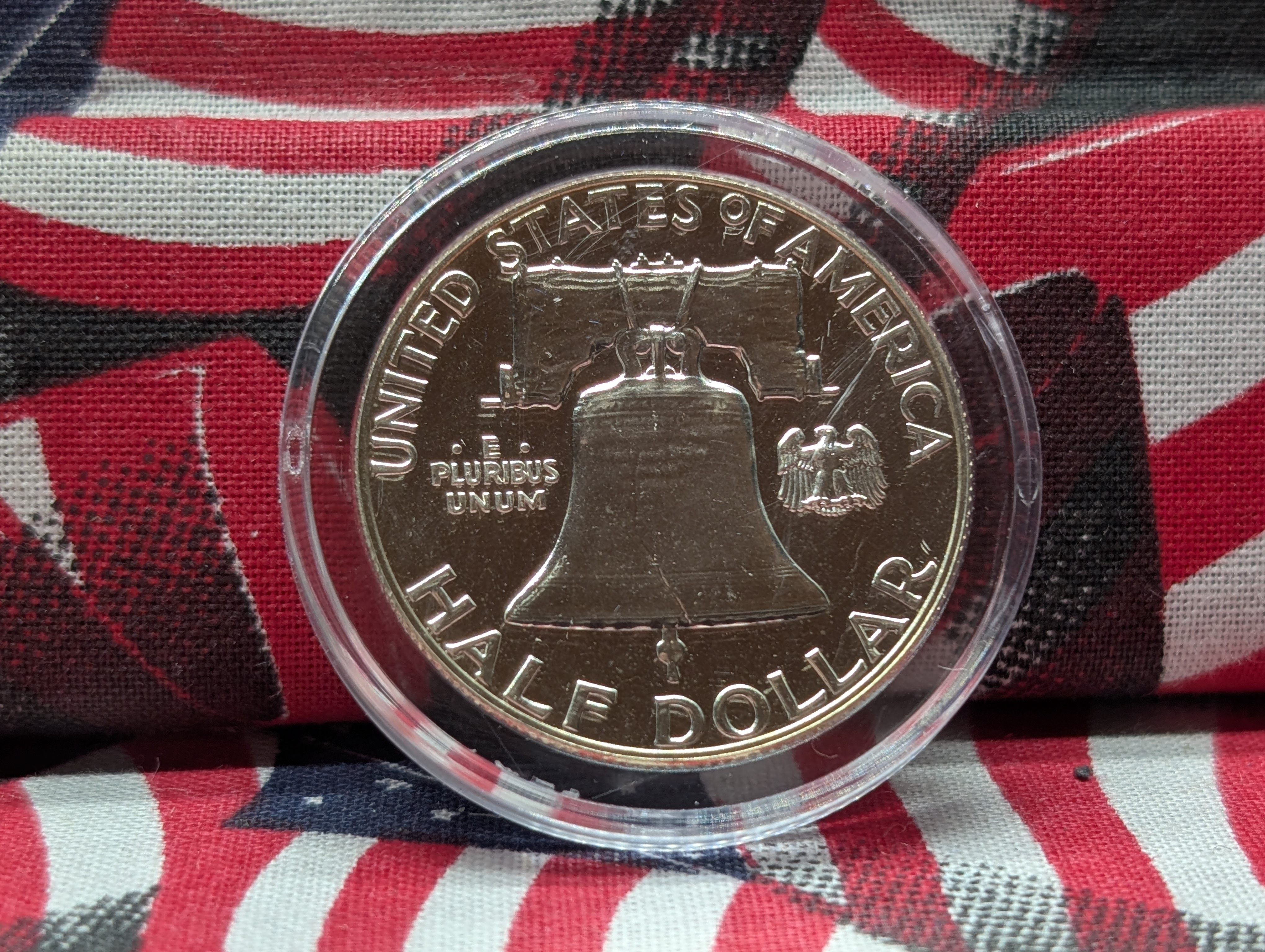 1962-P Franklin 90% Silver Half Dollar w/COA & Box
==
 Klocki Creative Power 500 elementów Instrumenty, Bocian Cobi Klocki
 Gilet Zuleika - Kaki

• **TASK PROMPT**
Among the entries above, the line containing "Klocki Creative Power", the line containing "Gilet Zuleika - Kaki", and all lines between them are to be restated word for word; nothing else belongs in the reply.

• **WRITTEN ANSWER**
 Klocki Creative Power 500 elementów Instrumenty, Bocian Cobi Klocki
 Gilet Zuleika - Kaki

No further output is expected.